El maestro Campillo se puso colorado.
-Estaba yo poniendo un ejemplo de lo que es el trueque, ustedes no entienden, porque son un poco tontos.
Me hirió en lo más hondo. Hasta la fecha pienso que la respuesta no es satisfactoria. Si la parte del caballo era ejemplo de lo que hacían los indios, estaba mal escogido. Hubiera sido mucho más correcto decir:
-Perdonen, muchachos, hasta al mejor cazador se le va la liebre.   

Unas semanas después el maestro dejó las clases y fue sustituido por otro, también joven, el maestro Margáin. Continúa Ibargüengoitia su relato.

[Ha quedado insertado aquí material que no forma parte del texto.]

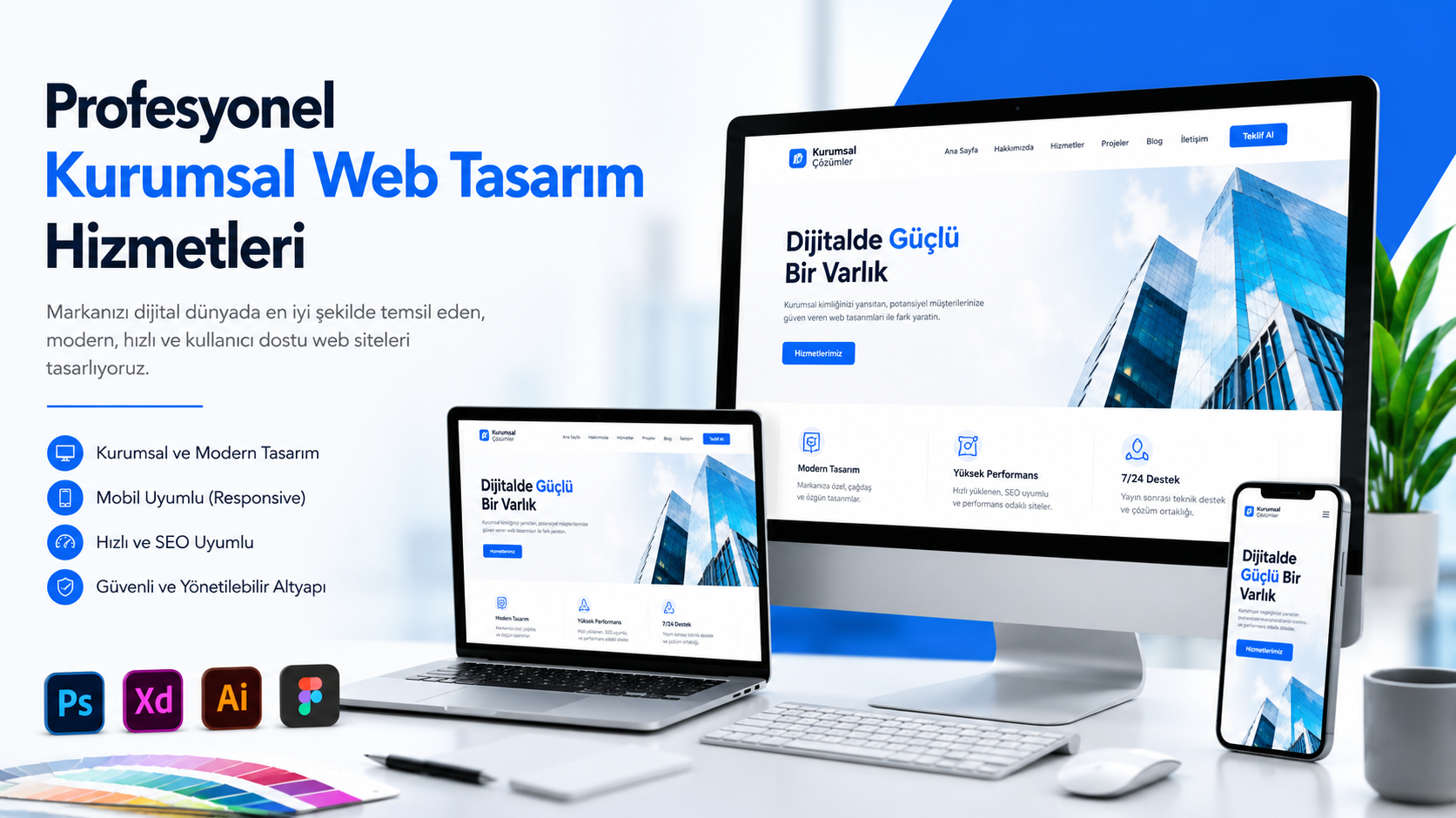 Kurumsal Web Sitesi Hizmeti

Coincidió la llegada de Margáin con nuestro traslado del salón chiquito y oscuro al salón del edificio nuevo, que era enorme, estaba limpio y tenía una luminosidad extraordinaria. Lo mismo pasó con las clases de historia de México. Salimos de los problemas conceptuales de lo que es o no es el indio y entramos de lleno en la aventura fascinante que es la Conquista. Margáin daba clase a las tres de la tarde, lo escuchábamos con atención desacostumbrada y fue el único maestro que cuando faltaba nos daba tristeza.
-Ni ganas me dan de dormir -decía el panzón Domínguez, que llegaba a la escuela en Opel.
La salida de Cuba, Cempoala, la Malinche, la llegada a Tenochtitlán, el sitio, Pánfilo de Narváez, todo esto lo imaginamos sentados en nuestros pupitres mientras Margáin en el estrado hablaba hasta que la saliva se le hacía espesa.
Tan buena fue la clase que noviembre nos agarró todavía en la Conquista. Creo que los programas de aquella época prescribían hasta la Independencia. Pero no importaba. Más vale ver poco bien que mucho mal.
En las últimas dos clases Margáin nos condujo hasta el presente (1942). Nos habló del futuro maravilloso que esperaba a nuestro país. Las tinieblas de la ignorancia, la incompetencia y el desorden habían quedado atrás. México estaba entrando en la edad de la razón, del trabajo, de la industria…
Cuando terminó su exposición, Margáin estaba entusiasmado, con la boca seca, la corbata chueca. Le dimos una ovación como no se había oído en la escuela y salimos orgullosos de ser mexicanos y creyendo que éramos parte de un país noble, fuerte y sano.

Dejando la evocación emocionada del maestro Margáin (quien como queda dicho, y es conveniente destacar, había hecho posible el milagro de que sus ausencias provocaran tristeza en sus alumnos), Jorge Ibargüengoitia regresa al tiempo en que escribe reconsiderando a la baja aquellas profecías.

En los treinta años siguientes hemos comprendido que el cuadro aquél que nos pintaron era demasiado optimista. Yo creo que a Margáin le ha pasado lo mismo.
Pero valió la pena. Muchas gracias, maestro.